Taşlı ve çamurlu yolda sarsılarak ilerleyen araba ormanın derinliklerin de kaybolmuştu. Saatlerdir daha da derinlere gidiyor, Karanlığın bizi yutmasına izin veriyorduk. Jisung… Bu kadar yolu gerçekten yürüyerek mi gelmişti? Düşündüğümden daha da güçlü…Başımı sola çevirdiğim de yüzüme değen saçlar ile nefesimi bırakmış ve tekrar camdan dışarıyı izlemeye dönmüştüm. Yaklaşık 3 saat önce Hyunjin omzumda uyuyakalmıştı. Onu itmek için ne kadar uzun bir uğraş versem de her defasında sanki inadıma yapıyormuş gibi yine omzuma düşüyordu başı. Ben de yarım saat uğraştıktan sonra pes etmiştim.
Arabayı kullanan Myungjun hyunga baktım. Sarı saçları ayın ışığı ile parlıyordu ve vampiri kıskandıracak kadar beyaz olan teni saçıyla uyum içerisindeydi. Bu, her santimi aynı olan ormanda yolu rahatça bulabildiğine göre görsel hafızası düşündüğümden de ileriydi.

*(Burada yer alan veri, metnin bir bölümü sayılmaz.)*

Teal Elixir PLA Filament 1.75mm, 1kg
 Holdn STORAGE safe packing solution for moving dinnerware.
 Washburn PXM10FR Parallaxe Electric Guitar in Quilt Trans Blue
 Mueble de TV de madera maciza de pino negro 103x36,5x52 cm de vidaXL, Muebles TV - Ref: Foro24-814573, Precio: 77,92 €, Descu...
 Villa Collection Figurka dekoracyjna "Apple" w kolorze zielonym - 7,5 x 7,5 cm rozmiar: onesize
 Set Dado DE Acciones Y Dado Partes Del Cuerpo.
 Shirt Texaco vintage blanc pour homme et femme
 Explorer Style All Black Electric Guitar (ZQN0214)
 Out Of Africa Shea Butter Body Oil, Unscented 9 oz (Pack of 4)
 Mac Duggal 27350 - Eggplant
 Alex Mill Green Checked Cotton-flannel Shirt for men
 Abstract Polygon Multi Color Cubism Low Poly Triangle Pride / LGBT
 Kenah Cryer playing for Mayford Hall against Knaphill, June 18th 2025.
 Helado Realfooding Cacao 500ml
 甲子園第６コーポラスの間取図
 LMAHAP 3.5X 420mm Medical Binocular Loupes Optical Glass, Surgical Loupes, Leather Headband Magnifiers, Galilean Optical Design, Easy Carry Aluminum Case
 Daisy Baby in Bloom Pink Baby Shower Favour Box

Onun amacı neydi? Ne kadar planını bize anlatmış olsa da beni neden götürdüklerini söylememişti. Bu da beni huzursuz ediyordu. En azından Minho’yu bu işe bulaştırmamıştı.
Yola çıkmadan önce planlandığı gibi Jisung’a makyaj yapılmış ve iyi bir hırpalanmış imajı çizdikten sonra yere kanlar içersinde uzanmıştı. Boğazında ki sahte kesik o kadar gerçekçiydi ki makyaj olduğunu bilmeme rağmen dehşete düşmüştüm. Fotoğraf çekildikten sonra ise Minho’yla birlikte Berlin’e gitmişti. Uçağa binmeden önce ki Jisung’un sözleri aklımdan çıkmıyordu.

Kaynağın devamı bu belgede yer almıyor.